SOURCE DATA
=====
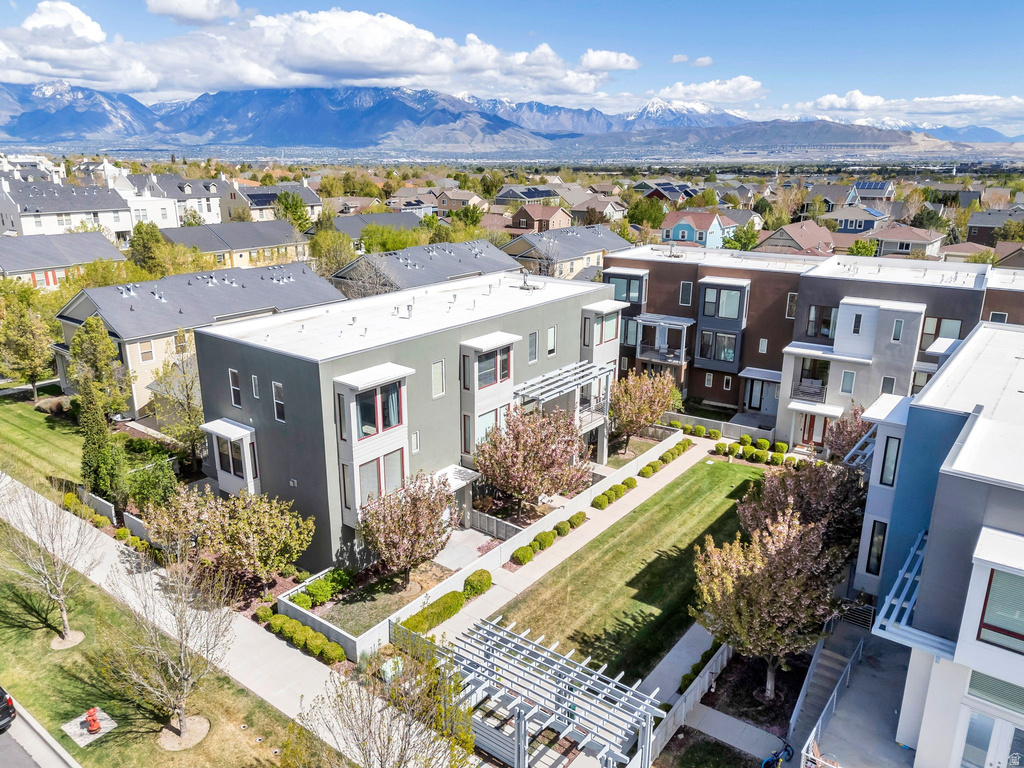 4917 W DAYBREAK PKWY South Jordan, UT 84009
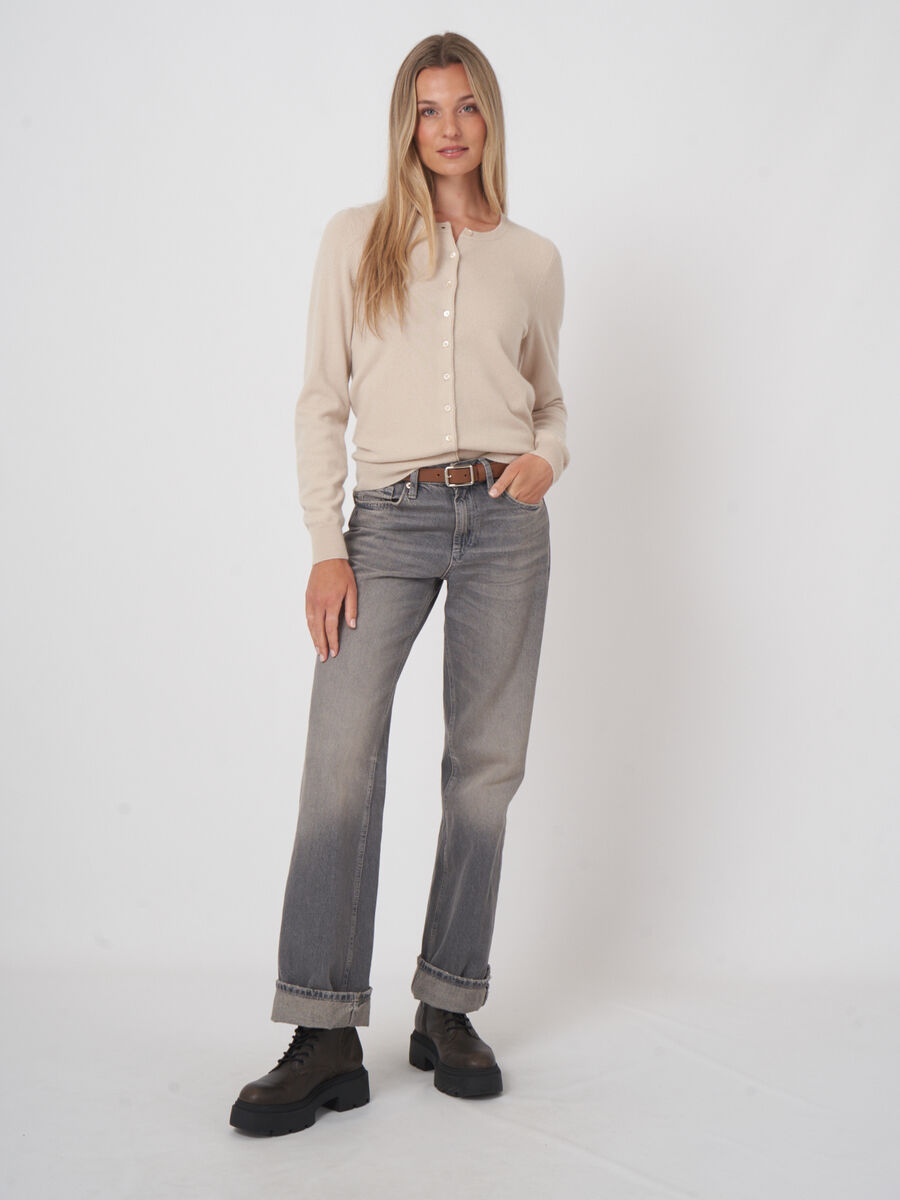 Basic-Strickjacke mit Rundhalsausschnitt aus Bio-Kaschmir image number 4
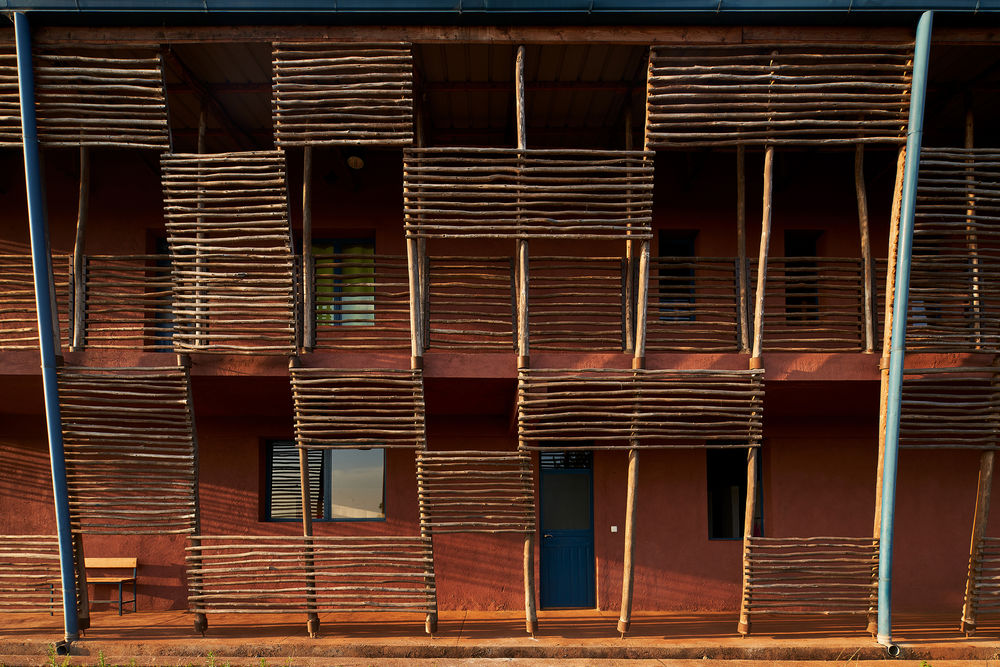Busajo Campus  / StudioBenaim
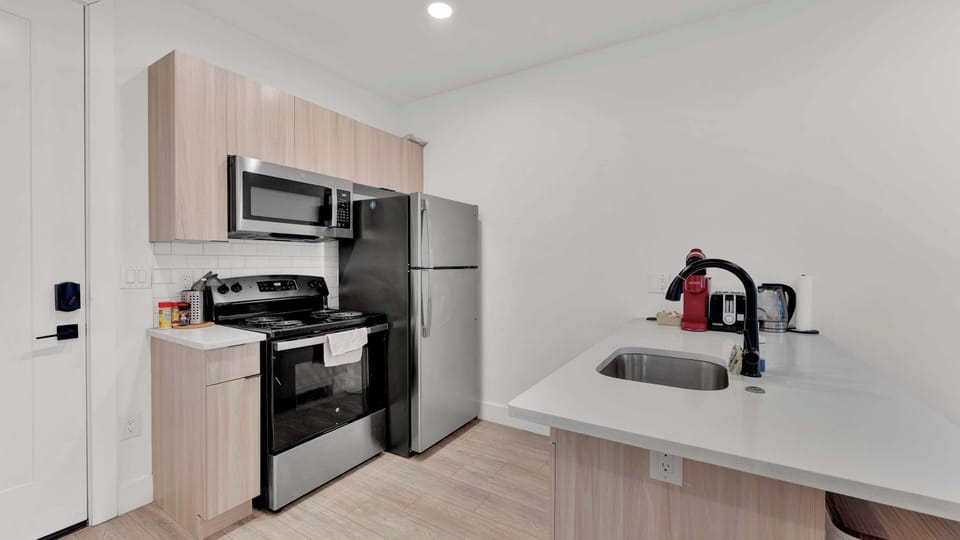 Full Kitchen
=====
TASK DIRECTIONS
What you return should be the whole listing, word for word, without its pictures.

RESPONSE FOR THIS EXERCISE
 4917 W DAYBREAK PKWY South Jordan, UT 84009
 Basic-Strickjacke mit Rundhalsausschnitt aus Bio-Kaschmir image number 4
Busajo Campus  / StudioBenaim
 Full Kitchen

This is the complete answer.